Bees understand the concept of zero.
The tiny bee brain can do arithmetic.
As amazing as we already know bees are, researchers at RMIT University in Melbourne, Australia made a groundbreaking announcement earlier in 2019 that bees can do math.
This challenges our understanding of the relationship between brain power and brain size.
After French and Australian researchers concluded that honeybees understand the concept of zero, they decided to test whether bees can do arithmetic calculations.
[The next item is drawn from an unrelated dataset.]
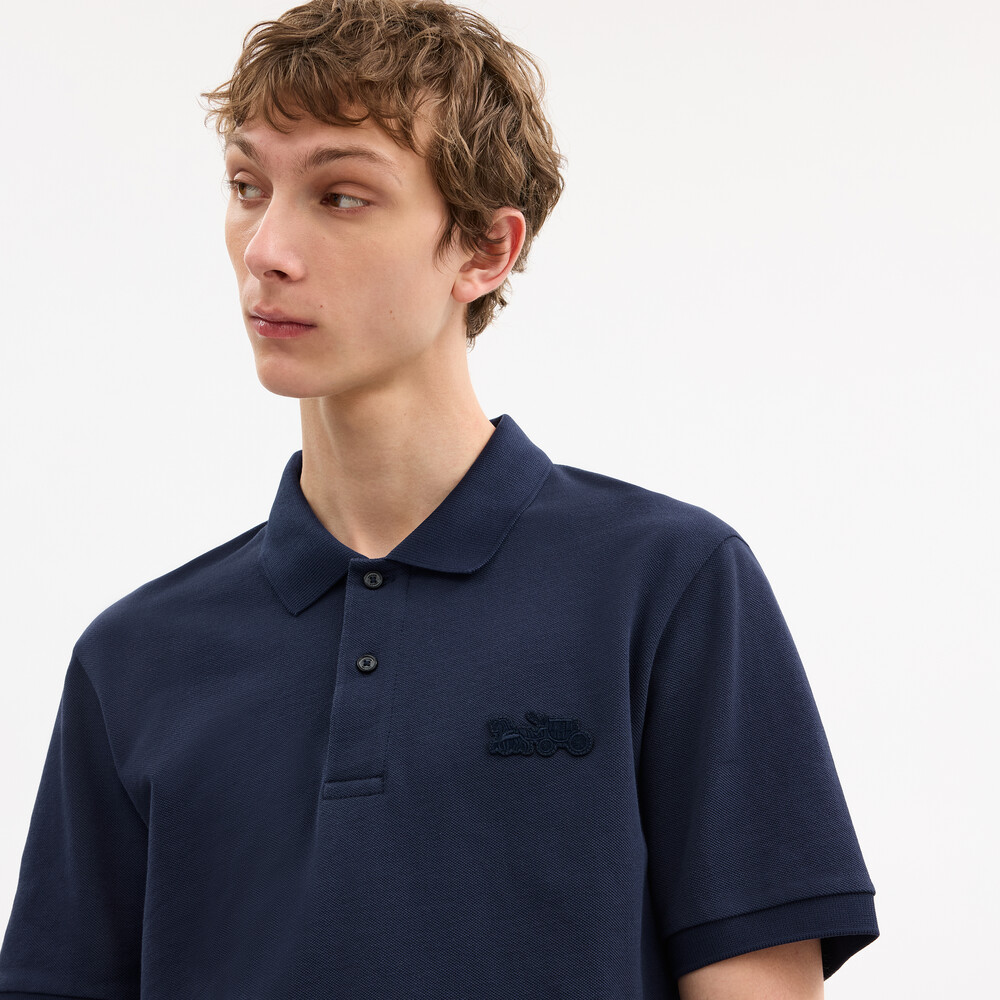 Coach Horse And Carriage Classic Polo In Organic Cotton - Navy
Associate Professor Adrian Dyer says it requires two levels of processing to complete complex numerical operations like addition and subtraction. He says the first level is holding the rules of adding and subtracting in your long-term memory, the second step is mentally manipulating sets of numbers with your short-term memory.
Bees can be taught to recognize colors as symbolic representations for addition and subtraction and use this information to solve math problems.
Researchers are excited about these far-reaching implications for Artificial Intelligence (AI), since a honeybee’s miniature brain can grasp basic mathematical operations quickly in a few training session. A massive brain is not necessary for math.
Here’s the experiment that trained the bees:
Scarlett Howard, a PhD researcher at the Bio Inspired Digital Sensing-Lab (BIDS-Lab) in RMIT, conducted the experiment.
She trained 14 honeybees to individually visit a Y-shaped maze, which consisted of a tunnel and two exits, where they had to make a choice.
Flying into the entrance, the bee sees a set of elements, between 1-5 shapes like a circle, diamond, triangle or square.
If the shapes were blue, the bee had to add. If the shapes were yellow, the bee had to subtract.
After seeing the initial number, the bee flew through a hole into a “decision chamber” where it could choose to fly to the right or left side of the maze. One side had the incorrect solution to the problem and the other side had the correct solution of plus or minus one.
If they made the correct choice they got a sugar water reward, and if their choice was incorrect they received a bitter-tasting quinine solution.
The answers were changed out randomly throughout the experiment, so the bees wouldn’t just learn which side of the maze to visit to get the sweet reward.
Honeybees return willingly to a place with a good food source, so they returned to the experimental set-up frequently to collect nutrition and learn.
Initially, the bees chose randomly until they figured out how to solve the problem. Over a period of 100 learning trials, it took 4-7 hours for the bees to learn that blue meant +1 and yellow meant -1.
Each bee was given 2 subtraction and 2 addition operations. The bees completed the tasks and chose the correct answer 60-75% of the time. Then the bees could apply the rules to new numbers.
Scarlett Howard commented that the historical flourishing of human societies such as the Egyptians and Babylonians as far back as 2000 BCE, was due in large part to the vital ability to use basic arithmetic.
She believes the experiment’s findings show that the complex understanding of math symbolism as a language can be achieved by many brains and it helps explain how numerous cultures developed numeracy skills independently.
Scientists are realizing that many more non-human animals than previously suspected have advanced numerical cognition. Other creatures with adding and/or subtracting abilities are birds, babies, spiders and some primates, according to a Science Advances list.